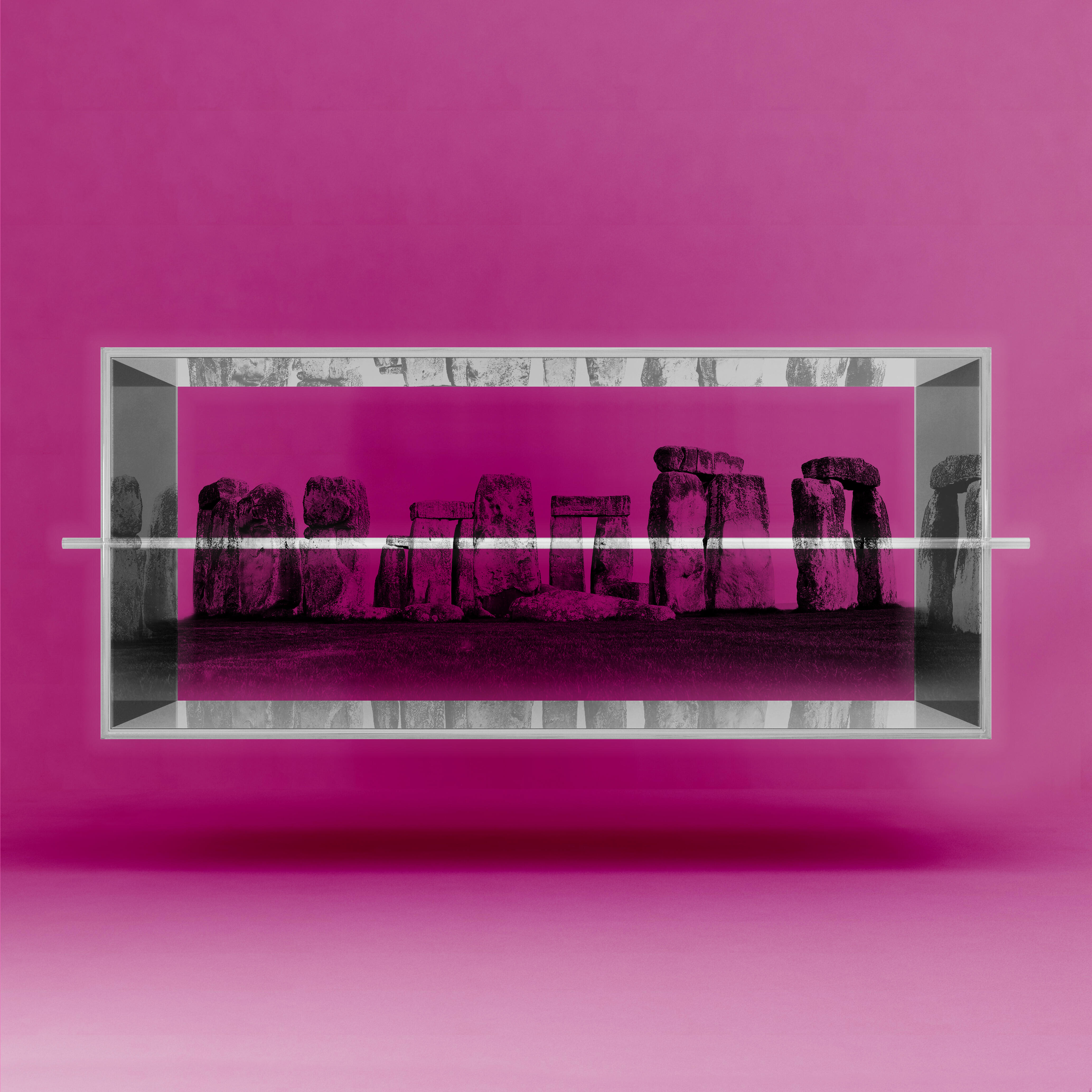 Track Image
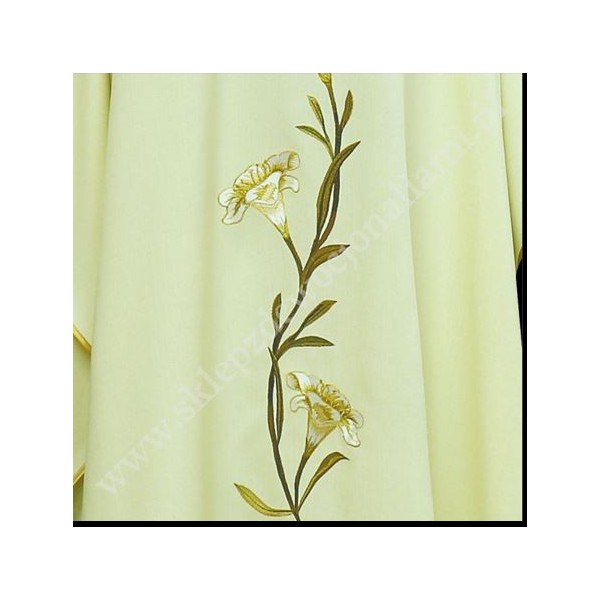 ORNAT MARYJNY 68226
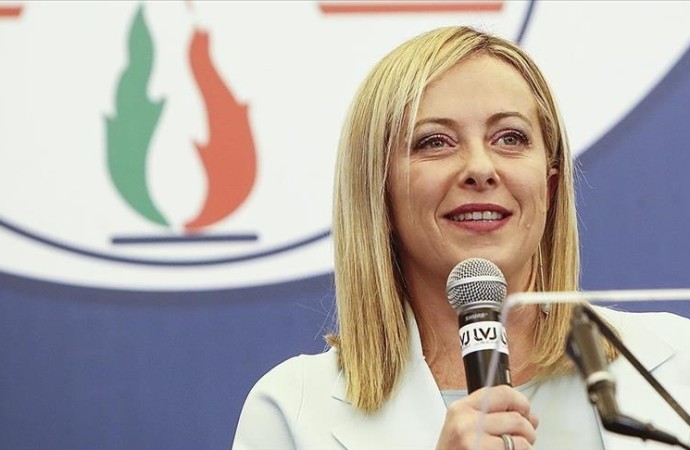  «موديز» ترفع تصنيف إيطاليا  للمرة الأولى منذ 23 عاماً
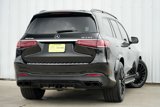 Used 2021 Mercedes-Benz GLS 63 AMG 4MATIC image 5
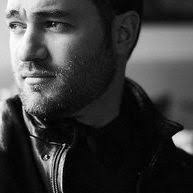 Scott Brignac (scottbrignac)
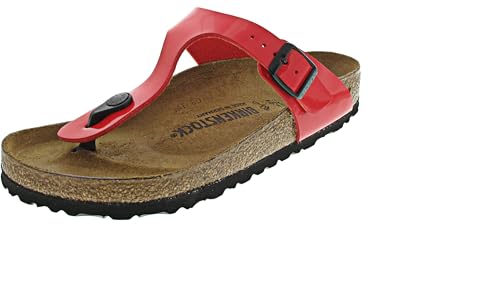 Image of Birkenstock Unisex Gizeh Essentials EVA Sandal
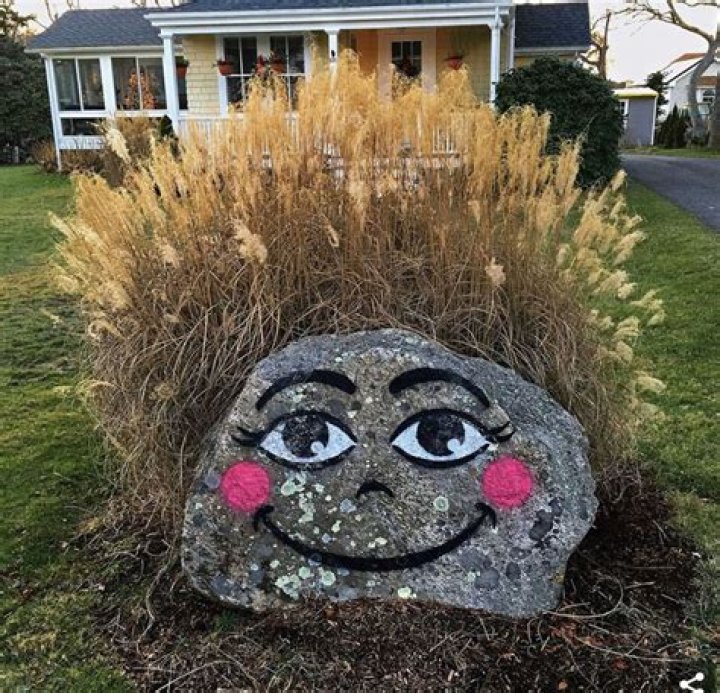 Tom Bob Turns Found Objects Into Amazing Street Art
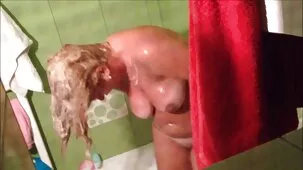 Macho con un pene grande mimó a su amante don porno gratis con un beso anal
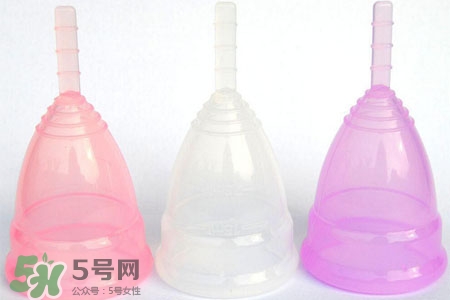 月經杯要消毒嗎？月經杯怎么消毒？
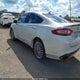 3FA6P0K95FR145289 2015 Ford Fusion Titanium auction photo thumbnail 3
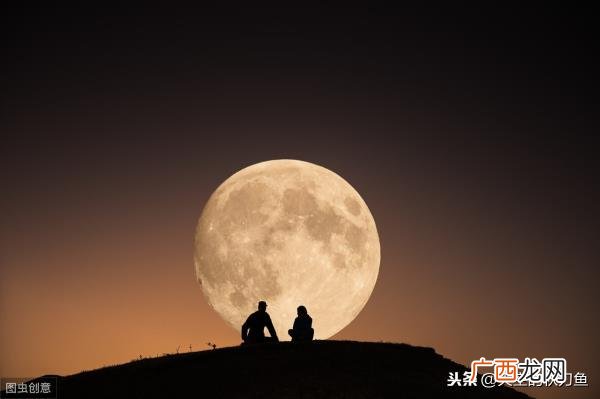 撩女朋友的情话高级,撩女朋友的情话有哪些
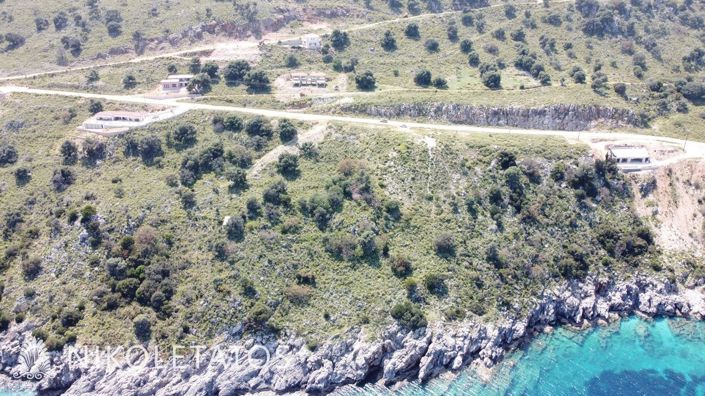 Image No.9-Land for sale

* What is required: Give back exactly the lines from the first line of the data through the line with "Image of Birkenstock", pictures excluded.

* Output of the exercise:
 Track Image
 ORNAT MARYJNY 68226
  «موديز» ترفع تصنيف إيطاليا  للمرة الأولى منذ 23 عاماً
 Used 2021 Mercedes-Benz GLS 63 AMG 4MATIC image 5
 Scott Brignac (scottbrignac)
 Image of Birkenstock Unisex Gizeh Essentials EVA Sandal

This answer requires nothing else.